Last week, Dennis Howlett announced some exciting news on both his personal and ZDNet blogs: the ICAEW (Institute of Chartered Accountants in England and Wales) and several UK trade groups will be working together to develop SaaS/cloud standards.
This year, “SaaS” and “cloud computing” business softwares have been discussed nonstop, and those two terms have become largely interchangeable—and at the expense of understanding what each is. As Howlett puts it, “everything getting an _aaS label [is] now conflated into ‘cloud anything’”. The three trade groups are Intellect SaaS Group, the BASDA’s Cloud SIG, and EuroCloud UK, and they will meet with the ICAEW to develop best practices, or some sort of “quality mark” for vendors.
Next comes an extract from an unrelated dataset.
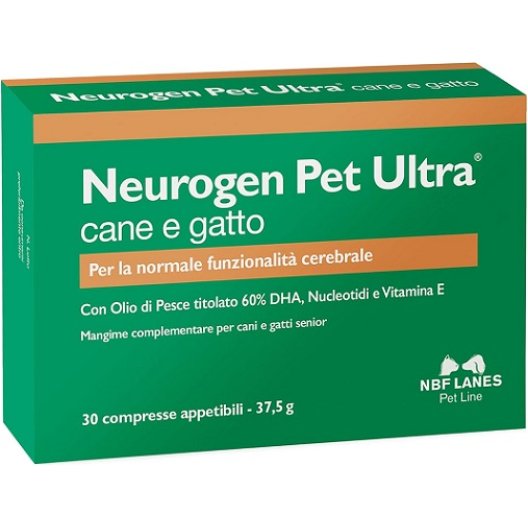 Neurogen Pet Ultra 30 compresse appetibili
The idea is to engage both the buy and sell sides to develop business standards for the erstwhile ambiguous SaaS economy.
In addition to working toward best practices and quality stamps, security (from data to APIs) is another issue to be discussed. But it should be noted that some of the security issues at hand for these groups are EU/UK-specific, and would not necessarily color a similar US debate. As Howlett sees it, the important objectives are as follows:
- Clarity for buyers and sellers about issues that are currently causing endless and at times futile debates
- An opportunity for ICAEW to act as honest broker between buyers and sellers, demonstrating leadership for both members (who may have concerns) and more broadly as a body that has the public interest in mind.
- A requirement that all trade groups act in concert to help develop business led standards that elevate discussions around technology to a level where business decision makers can readily understand what’s going on and relate it to their business needs and concerns.
He also notes that his extensive experience causes him to be “100%” behind this initiative, but those who don’t share his level of expertise can easily get behind the move as well. The simple fact that this would clarify “SaaS” and “cloud” for buyers and sellers is huge, and seemingly more necessary as the two become muddled. Hopefully we will soon see a similar venture stateside.